Written by | Last updated:
Puya Yazdi
Medically reviewed by
Puya Yazdi, MD | Written by | Last updated:

Cortisol is widely known as a “stress hormone.” Some research suggests that it may impact blood sugar, proteins, cholesterol, and inflammatory markers. According to one hypothesis, imbalanced cortisol may create a lot of health issues that at first seem unrelated. What does the science say? Learn about factors that may trigger excessive cortisol release in this article.

Disclaimer: This post focuses on the neuroscience of the stress response in relation to cortisol. It is solely informational. Talk to your healthcare provider if you feel like you’re under too much stress or if your cortisol labs are abnormal.

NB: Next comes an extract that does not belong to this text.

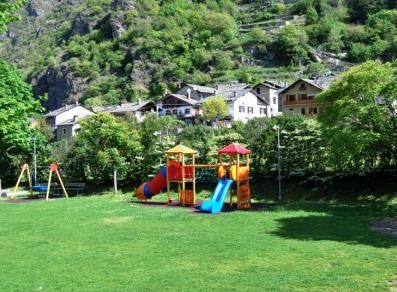 Arnad: 'inquinanti pericolosi', sequestrata area giochi per bimbi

What Increases and Decreases our Stress Response?

Diving into the Science

Since the stress response pathway is so critical to our health, it’s important to explore what increases and what decreases it. Modern neuroscience has come a long way in understanding the stress response [1].

According to one hypothesis, the problem comes when it’s activated too little, too much or it doesn’t have a good rhythm. In other words, HPA “dysregulation” is viewed as bad [1].

Scientists point out that this has nothing to do with the capacity of the adrenal glands (See the myth of adrenal fatigue). Rather, it’s likely related to many other factors. The consequences also seem to depend on whether the HPA axis is activated short- or long-term and to what extent [1].

We know that the HPA axis controls such vital functions as heart rate, blood pressure, and digestion [2].

The HPA axis also communicates with several regions of the brain, including the limbic system, which is implicated in motivation and mood, with the amygdala, which generates fear in response to danger, and with the hippocampus, which plays an important part in memory formation as well as in mood and motivation [2].

In addition, the HPA axis is also connected with brain regions that control body temperature, suppress appetite, and control pain [2].

Research suggests that a chronically over-activated stress response may decrease growth, reproduction, metabolism, and immunity [3].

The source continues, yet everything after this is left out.